**DATA FOR PROCESSING**
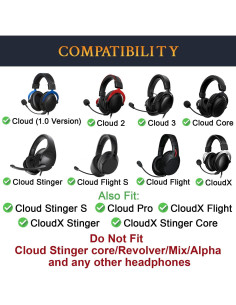 Almohadillas de Tela SOULWIT para Auriculares HyperX Cloud - Negro 2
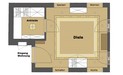 Die nahezu quadratische Grundfläche der Diele bildet das Zentrum der Wohnung, von hier aus führen acht Türen in die angrenzenden Räume sowie ins Treppenhaus.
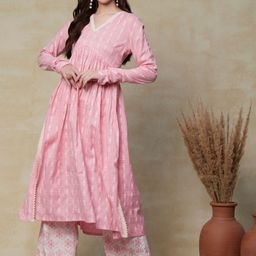 FASHOR Pink Ethnic Motifs Gotta Patti Empire A-Line Pure Cotton Kurta With Palazzos-picture-44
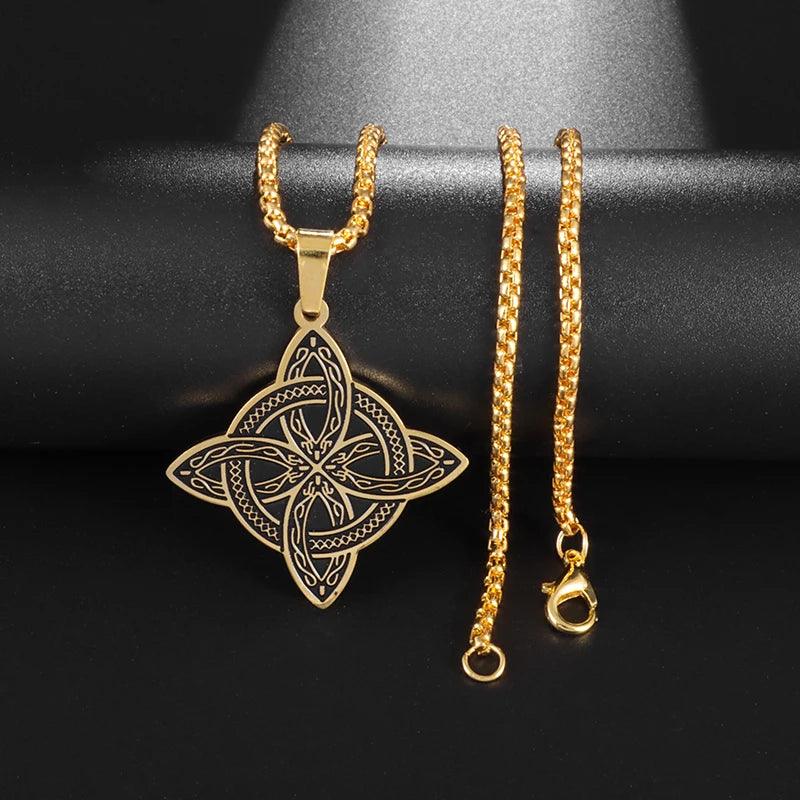 Trendy Witchcraft Witch Knot Necklace Celtic Irish Protection Knot Pendant Men Women Trending Amulets Jewelry Gifts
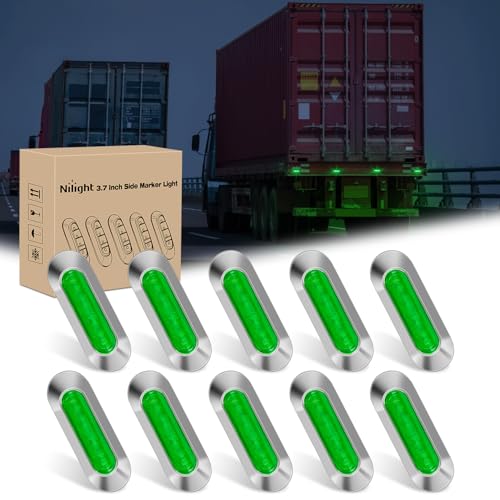 Nilight 3.7" Green Oval Side Marker Light, 4 LED IP68 Waterproof - color: Green 3.7" 10Pcs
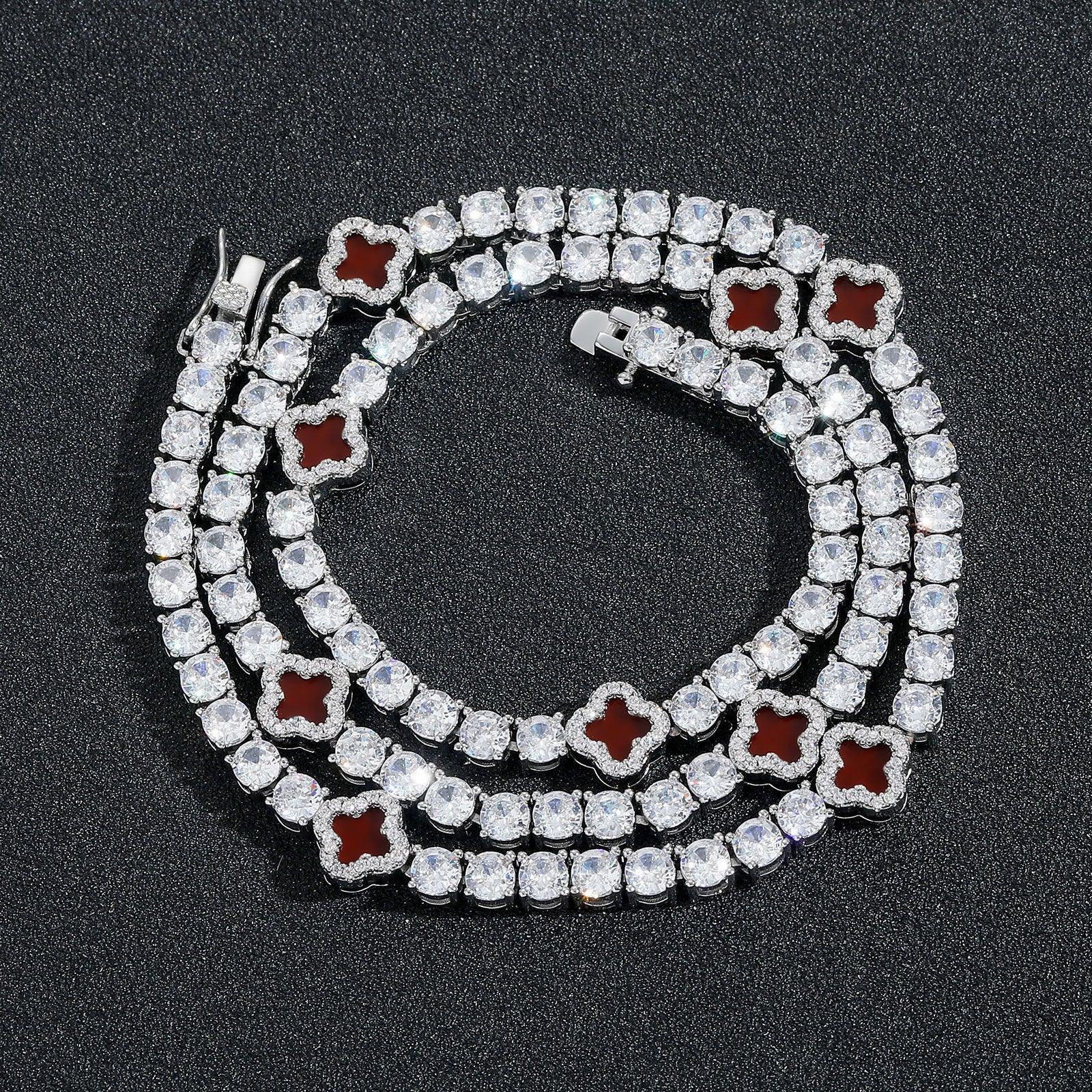 Red Clover Zircon Tennis Chain | Women's Luxury Red Hip Hop Bling Choker & Necklace | Caratix - CaratixJewelry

**TASK BRIEF**
Every entry above needs to be duplicated precisely, and none of the pictures should appear.

**ANSWER TO THE EXERCISE**
 Almohadillas de Tela SOULWIT para Auriculares HyperX Cloud - Negro 2
 Die nahezu quadratische Grundfläche der Diele bildet das Zentrum der Wohnung, von hier aus führen acht Türen in die angrenzenden Räume sowie ins Treppenhaus.
 FASHOR Pink Ethnic Motifs Gotta Patti Empire A-Line Pure Cotton Kurta With Palazzos-picture-44
 Trendy Witchcraft Witch Knot Necklace Celtic Irish Protection Knot Pendant Men Women Trending Amulets Jewelry Gifts
 Nilight 3.7" Green Oval Side Marker Light, 4 LED IP68 Waterproof - color: Green 3.7" 10Pcs
 Red Clover Zircon Tennis Chain | Women's Luxury Red Hip Hop Bling Choker & Necklace | Caratix - CaratixJewelry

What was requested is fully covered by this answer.